§ **Task prompt**
All lines below must be repeated exactly, with the pictures omitted.

§ **Data listing**
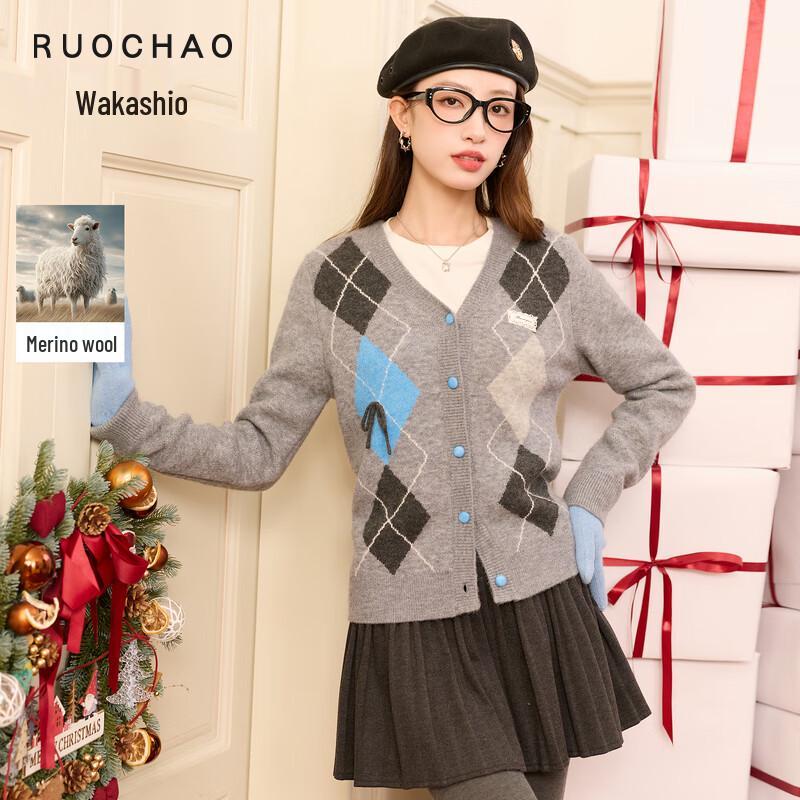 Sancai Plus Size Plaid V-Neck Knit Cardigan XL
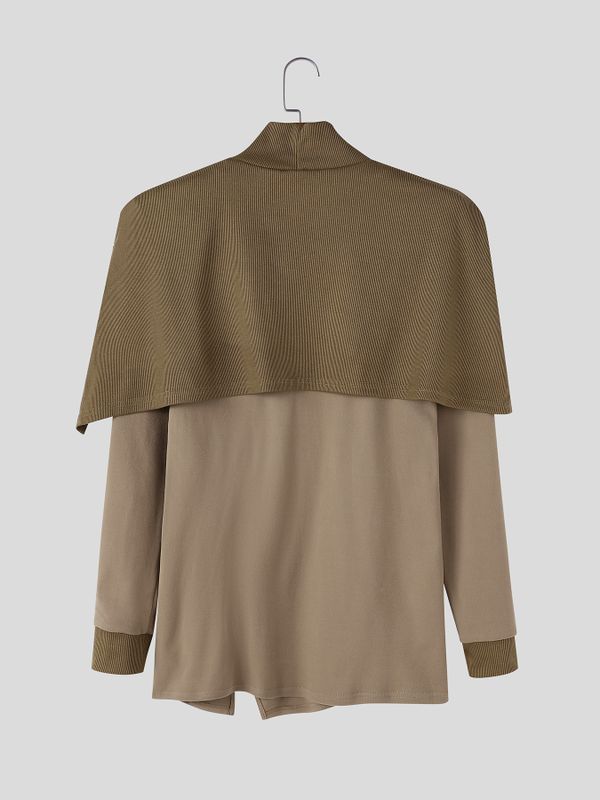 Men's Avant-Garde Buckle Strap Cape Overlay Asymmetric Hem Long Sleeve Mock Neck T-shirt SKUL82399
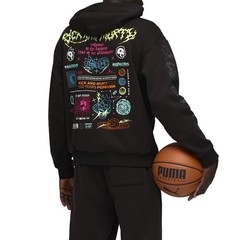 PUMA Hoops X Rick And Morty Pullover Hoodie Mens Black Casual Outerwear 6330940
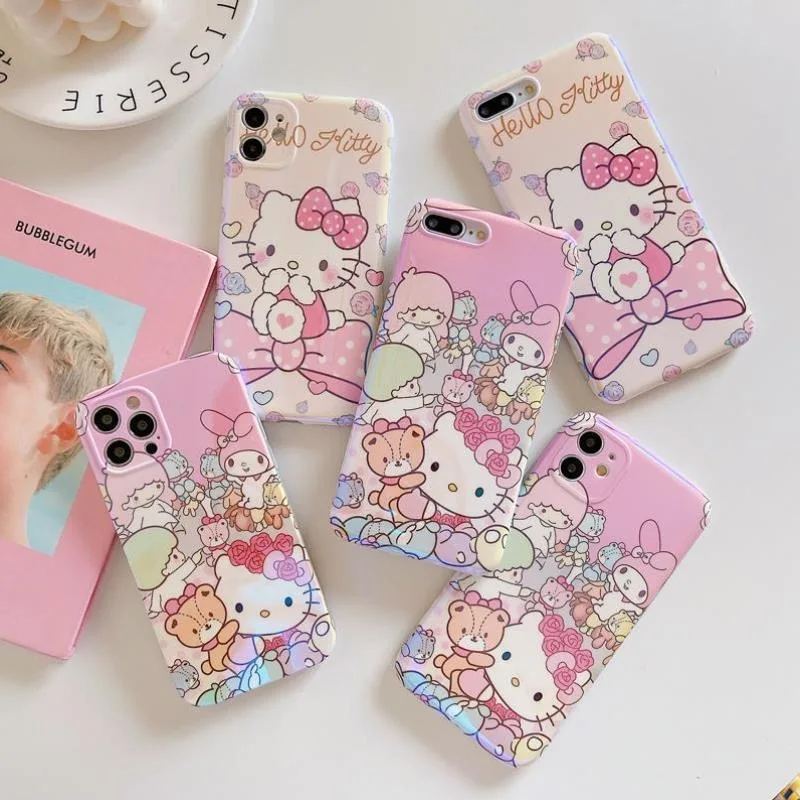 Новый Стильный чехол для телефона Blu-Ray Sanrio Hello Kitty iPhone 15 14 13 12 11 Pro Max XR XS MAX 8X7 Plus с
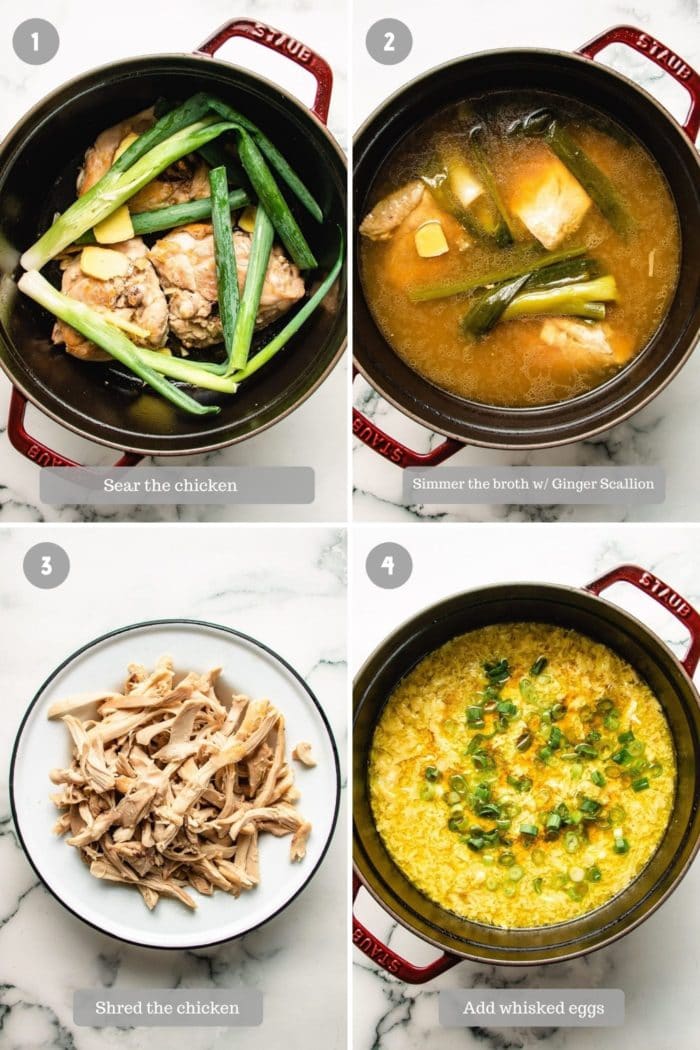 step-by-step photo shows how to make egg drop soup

§ **Written reply**
 Sancai Plus Size Plaid V-Neck Knit Cardigan XL
 Men's Avant-Garde Buckle Strap Cape Overlay Asymmetric Hem Long Sleeve Mock Neck T-shirt SKUL82399
 PUMA Hoops X Rick And Morty Pullover Hoodie Mens Black Casual Outerwear 6330940
 Новый Стильный чехол для телефона Blu-Ray Sanrio Hello Kitty iPhone 15 14 13 12 11 Pro Max XR XS MAX 8X7 Plus с
 step-by-step photo shows how to make egg drop soup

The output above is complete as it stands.